• [Work task]: In the records below, find the line with "Ford Oval Logo" and repeat exactly every line from it through the line with "Dentelione diuretico radice". Pictures stay out.

• [Given records]:
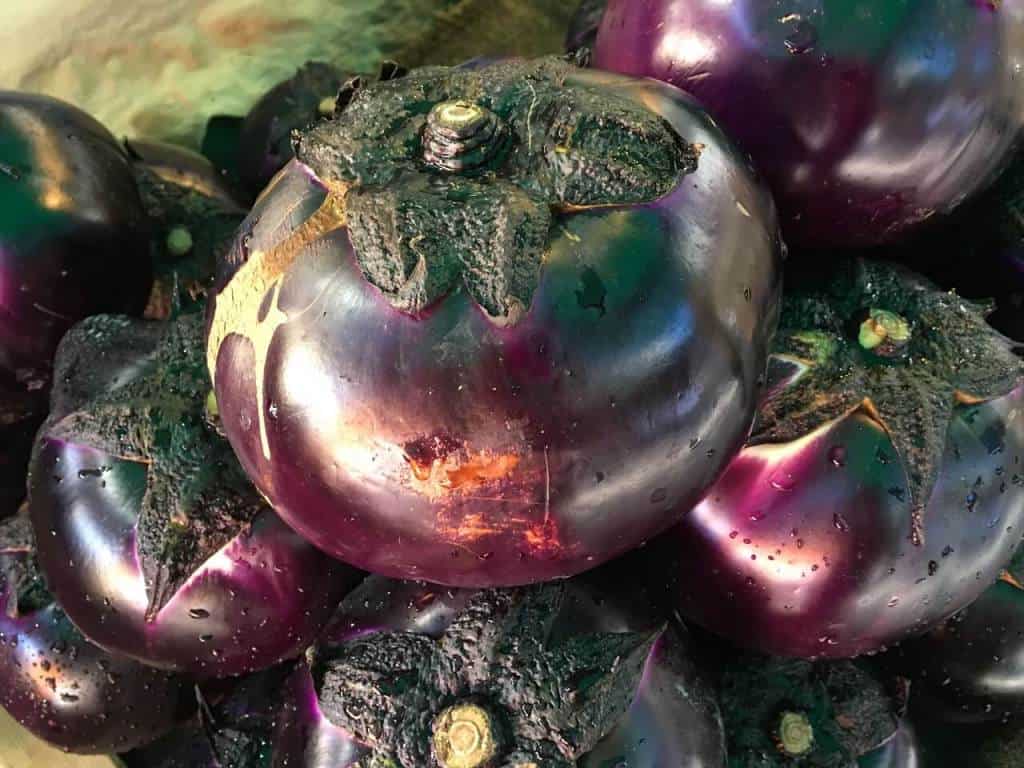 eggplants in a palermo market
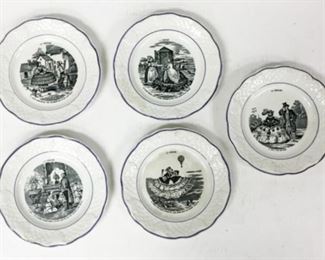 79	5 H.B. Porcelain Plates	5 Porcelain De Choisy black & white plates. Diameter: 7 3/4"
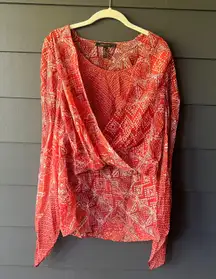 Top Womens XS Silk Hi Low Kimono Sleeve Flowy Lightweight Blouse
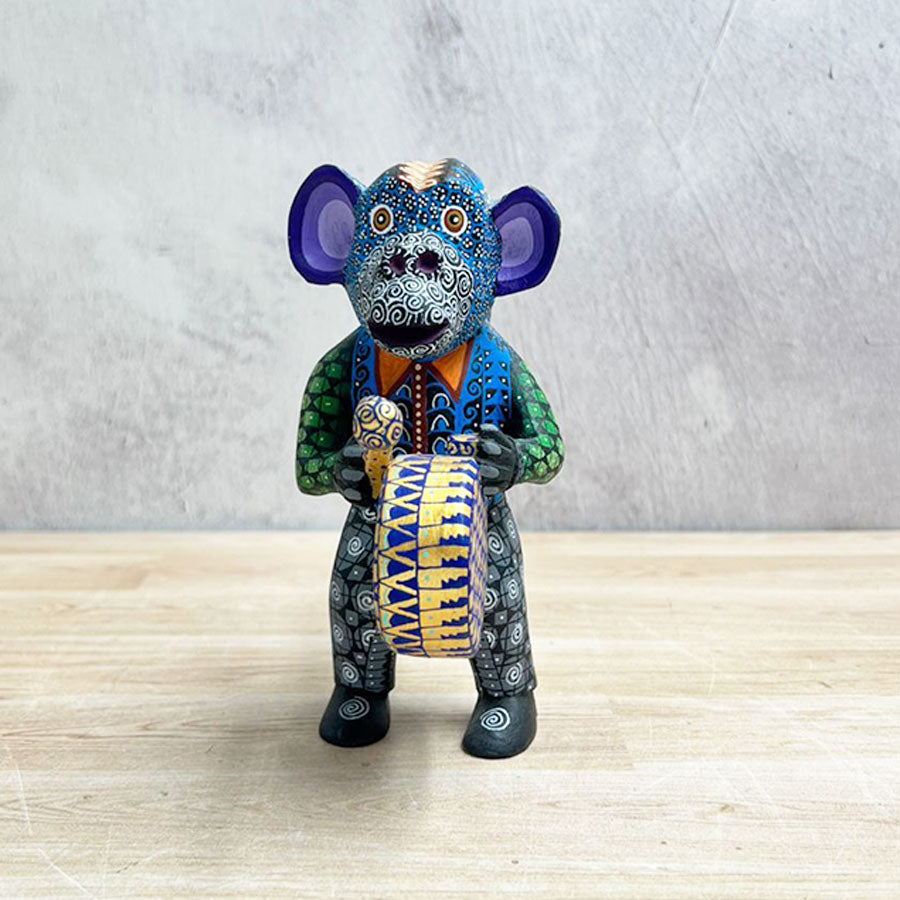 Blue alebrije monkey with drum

--

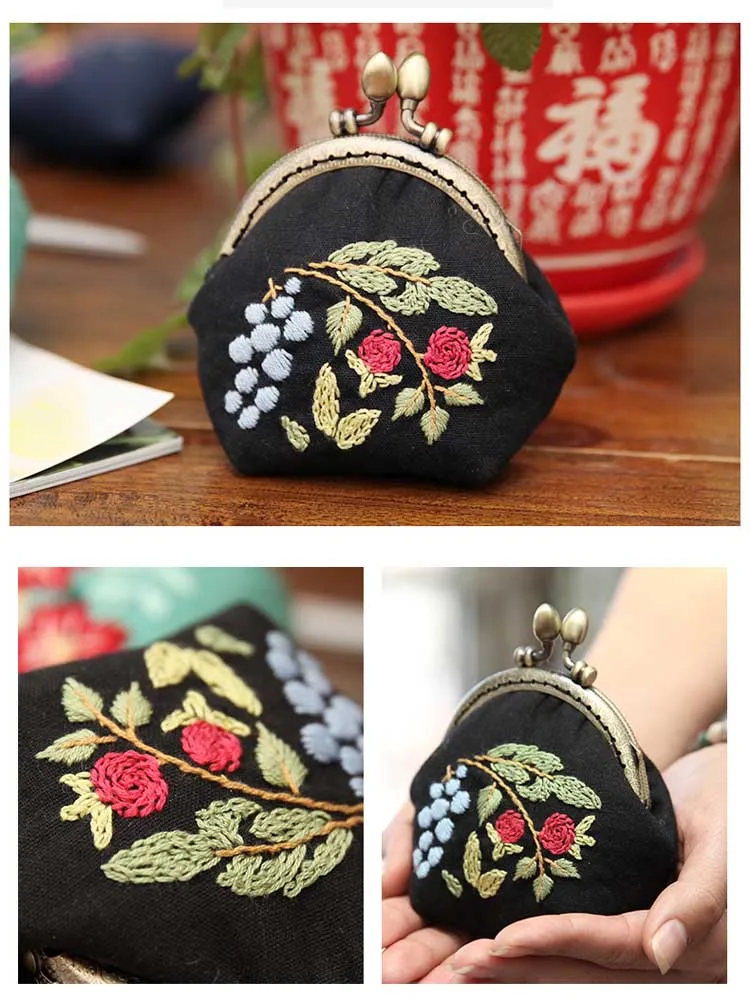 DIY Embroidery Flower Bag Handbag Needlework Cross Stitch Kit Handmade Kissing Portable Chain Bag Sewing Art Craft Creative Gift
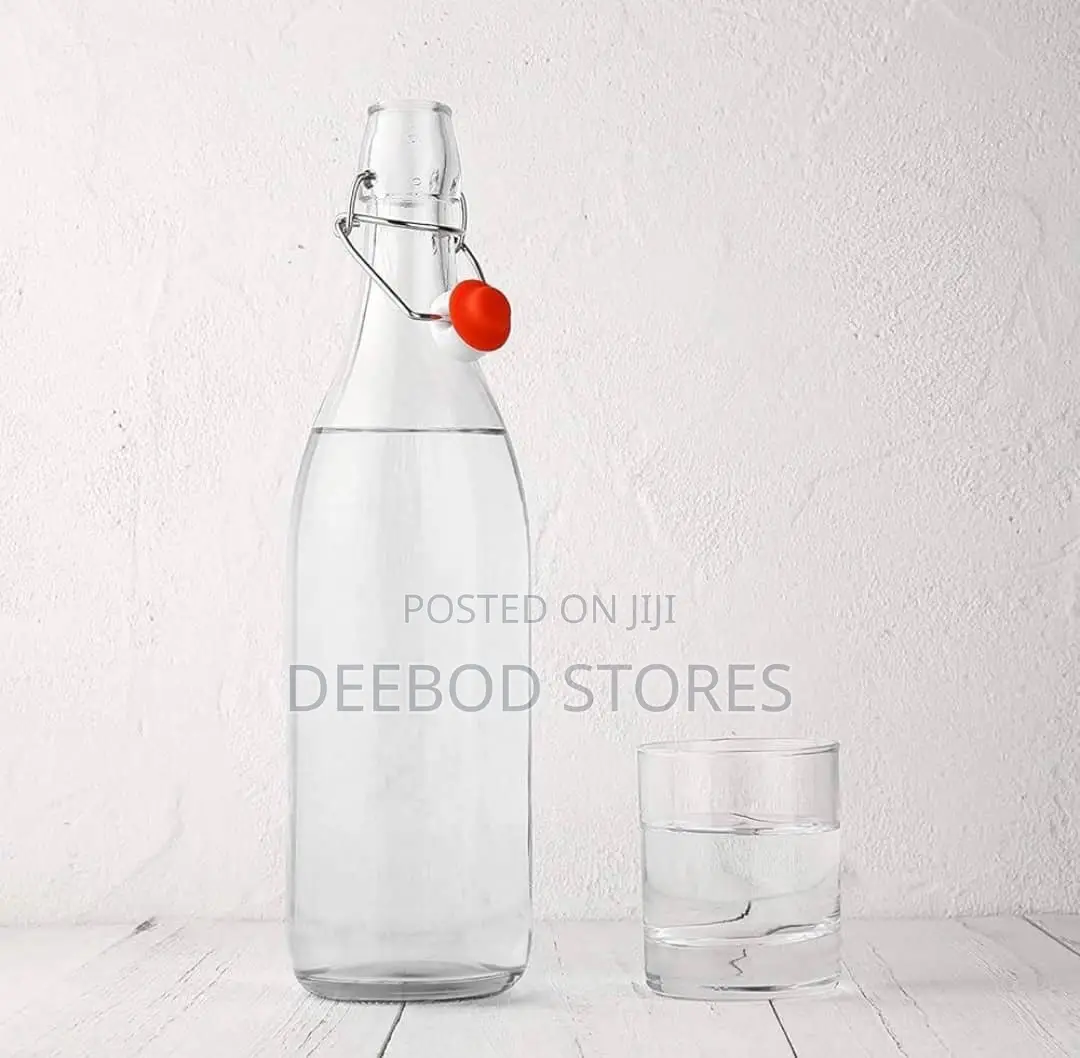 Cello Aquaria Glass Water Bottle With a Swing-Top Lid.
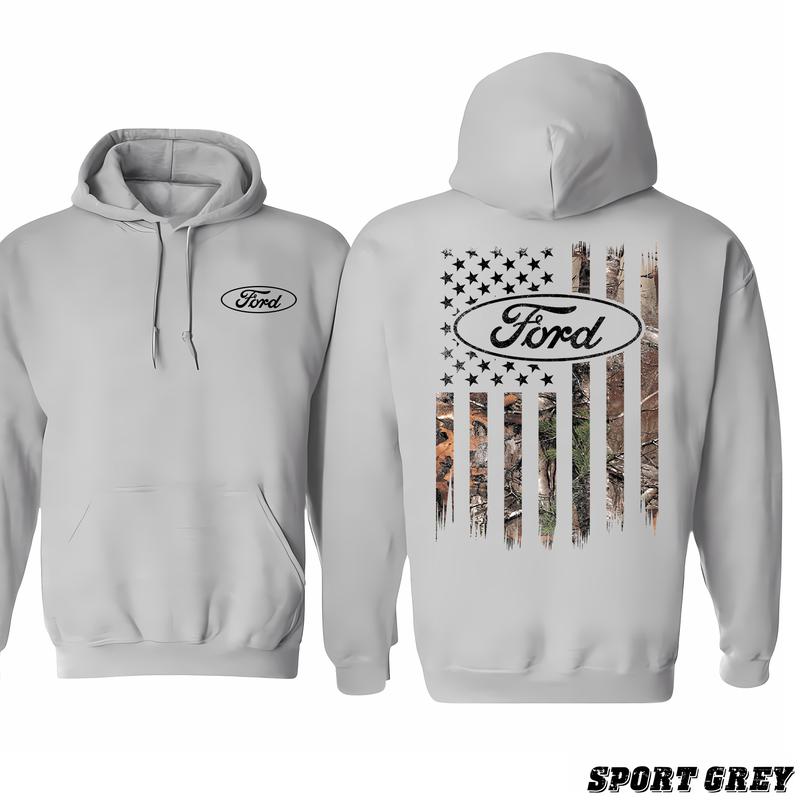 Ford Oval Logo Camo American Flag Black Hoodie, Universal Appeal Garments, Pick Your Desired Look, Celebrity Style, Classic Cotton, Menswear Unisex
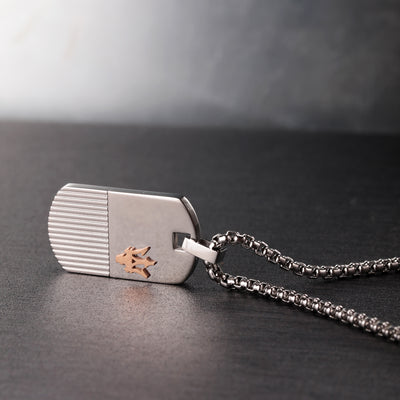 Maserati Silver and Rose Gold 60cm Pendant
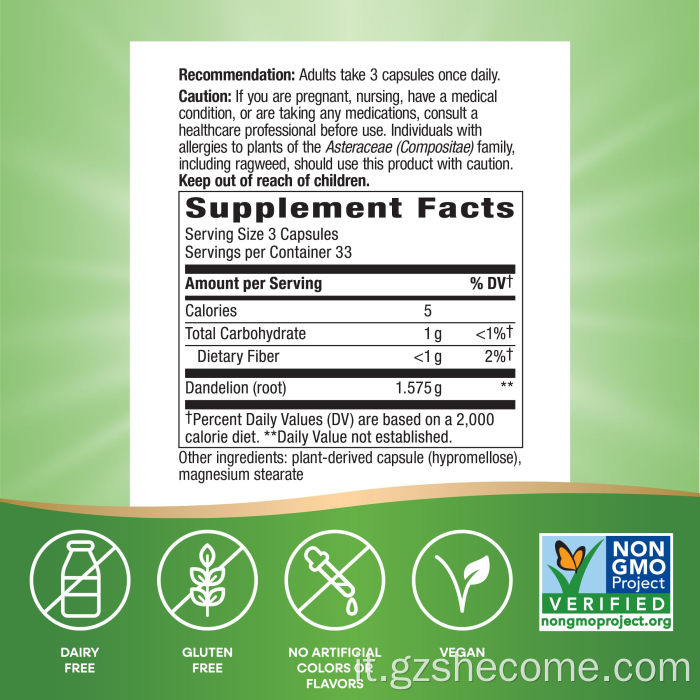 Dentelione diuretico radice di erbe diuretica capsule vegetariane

• [Result below]:
 Ford Oval Logo Camo American Flag Black Hoodie, Universal Appeal Garments, Pick Your Desired Look, Celebrity Style, Classic Cotton, Menswear Unisex
 Maserati Silver and Rose Gold 60cm Pendant
 Dentelione diuretico radice di erbe diuretica capsule vegetariane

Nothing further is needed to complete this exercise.